Where non-mutating algorithms do use iterators, they're all defined in terms of *it being assignable to whatever it needs to be assignable to, or otherwise valid for some specified operation or function call. I think all or most such ops are fine with a value.
The one thing I can think of, is that you can't pass a value where a non-const reference is expected. Are there any non-mutating algorithms which require a non-const reference? Probably not, provided that any functor parameters etc. have enough const in them.
So sorry, I can't say definitively that there are no odd corners that go wrong, but it sounds basically OK to me. Even if there are any niggles, you may be able to fix them with very slight differences in the requirements between your versions of the algorithms and the standard ones.
Edit: a second thing that could go wrong is taking pointers/references and keeping them too long. As far as I can remember, standard algorithms don't keep pointers or references to elements - the reason for this is that it's containers which guarantee the validity of pointers to elements, iterator types only tell you when the iterator remains valid (for instance a copy of an input iterator doesn't necessarily remain valid when the original is incremented, whereas forward iterators can be copied in this way for multi-pass algorithms). Since the algorithms don't see containers, only iterators, they have no reason that I can think of to be assuming the elements are persistent.
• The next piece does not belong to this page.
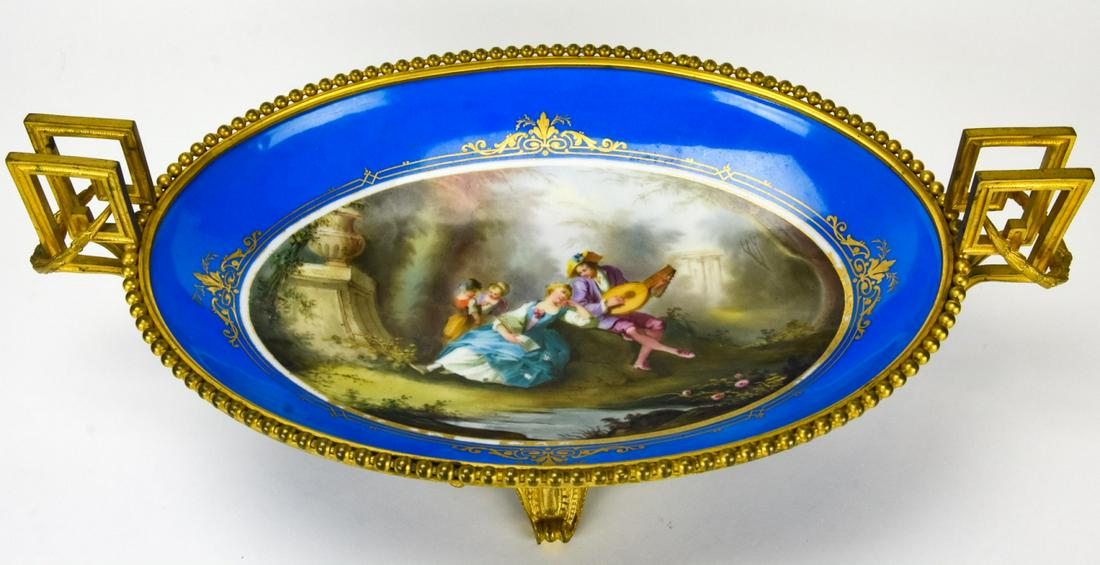 Sevres Painted Porcelain & Ormolu Fruit Platter: Sevres Painted Porcelain & Ormolu Fruit Platter. Porcelain fruit platter with hand painted courtship scene with ormolu handles and base. Measures 6.5 inches x 19 inches x 10.5 inches. Unsigned, attrib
Items in STL containers are expected to be copied around all the time; think about when a vector has to be reallocated, for example. So, your example is fine, except that it only works with random iterators. But I suspect the latter is probably by design. :-P
Do you want your range to be usable in STL algorithms? Wouldn't it be better off with the first and last elements? (Considering the fact that end() is oft required/used, you will have to pre-calculate it for performance.) Or, are you counting on the contiguous elements (which is my second point)?
Since you put "container" in "quotes" you can do whatever you want.
STL type things (iterators, various member functions on containers..) return references because references are lvalues, and certain constructs (ie, myvec[i] = otherthing) can compile then. Think of operator[] on std::map. For const references, it's not a value just to avoid the copy, I suppose.
This rule is violated all the time though, when convenient. It's also common to have iterator classes store the current value in a member variable purely for the purpose of returning a reference or const reference (yes, this reference would be invalid if the iterator is advanced).
If you're interested in this sort of stuff you should check out the boost iterator library.